Ces affaires, qui ont marqué l’opinion publique mauricienne, sont au cœur d’une nouvelle volonté politique de faire la lumière là où l’ombre a longtemps dominé. Lors d’une récente intervention parlementaire, le Premier ministre Navin Ramgoolam avait dénoncé «une tentative délibérée d’étouffer l’affaire Kistnen» sous l’ancien régime, soulignant l’importance de rendre justice à toutes les familles laissées dans le doute. Il ne s’agit pas pour les officiers britanniques de résoudre directement les enquêtes, mais plutôt d’apporter leur expertise en matière de méthodologie d’investigation, d’analyse de preuves et d’approches modernes en criminalistique.

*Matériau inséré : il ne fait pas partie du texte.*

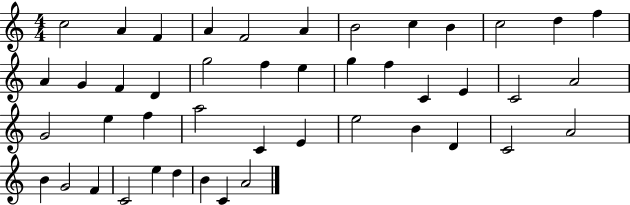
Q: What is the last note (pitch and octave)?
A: A4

Des zones d’ombre qui persistent

On apprend qu’au fil de leur mission, qui durera quelques jours, les deux officiers de Scotland Yard prévoient de rencontrer une série d’acteurs clés liés aux enquêtes relancées. Parmi eux : des membres des familles des victimes, d’anciens enquêteurs, des médecins légistes ainsi que d’autres témoins jugés essentiels à la reconstitution des faits. Leur objectif est d’obtenir une compréhension plus fine des zones d’ombre qui persistent dans ces dossiers sensibles.

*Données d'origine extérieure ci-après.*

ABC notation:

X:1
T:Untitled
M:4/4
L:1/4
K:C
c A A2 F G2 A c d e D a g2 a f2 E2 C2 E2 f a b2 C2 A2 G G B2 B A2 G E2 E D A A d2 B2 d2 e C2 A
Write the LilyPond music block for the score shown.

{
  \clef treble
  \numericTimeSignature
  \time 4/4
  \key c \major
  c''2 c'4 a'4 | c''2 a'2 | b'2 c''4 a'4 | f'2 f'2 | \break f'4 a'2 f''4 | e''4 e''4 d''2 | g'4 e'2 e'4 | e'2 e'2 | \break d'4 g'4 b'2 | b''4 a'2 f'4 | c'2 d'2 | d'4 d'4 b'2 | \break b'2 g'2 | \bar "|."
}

Les enquêteurs comptent également se rendre sur les lieux où les corps ont été découverts, afin d’appréhender l’environnement physique des crimes et tenter de déceler d’éventuelles incohérences. Mais cet exercice s’annonce difficile : dans certains cas, comme celui de Michaela Harte, la scène de crime – une chambre d’hôtel – a été modifiée, voire détruite, rendant toute reconstitution complexe, sinon impossible. Un rapport détaillé sera remis au CCID et à la MCIT à l’issue de leur mission. Ce document comprendra des recommandations concrètes, tant sur le plan technique que stratégique, ainsi qu’un partage des dernières avancées scientifiques en matière d’enquête utilisées au Royaume-Uni.

Cette relance d’enquêtes avec la collaboration d’experts étrangers avait été annoncée depuis mars dernier par le Premier ministre, en réponse à une question parlementaire du député Franco Quirin. Il avait alors évoqué le renforcement du CCID par un enquêteur d’élite à la retraite – référence à peine voilée à Daniel Monvoisin – et la mobilisation d’experts internationaux. Une promesse qui se concrétise aujourd’hui. «Il faut que justice soit rendue, non seulement à la famille Kistnen, mais aussi à tous ceux qui ont perdu un proche dans des circonstances douteuses», avait insisté Navin Ramgoolam à l’Assemblée.

La venue des officiers de Scotland Yard, symbole d’intégrité et de compétence, représente donc une étape importante. Elle est perçue par de nombreuses familles de victimes comme un signe d’espoir, celui que la vérité finira par éclater, même des années plus tard.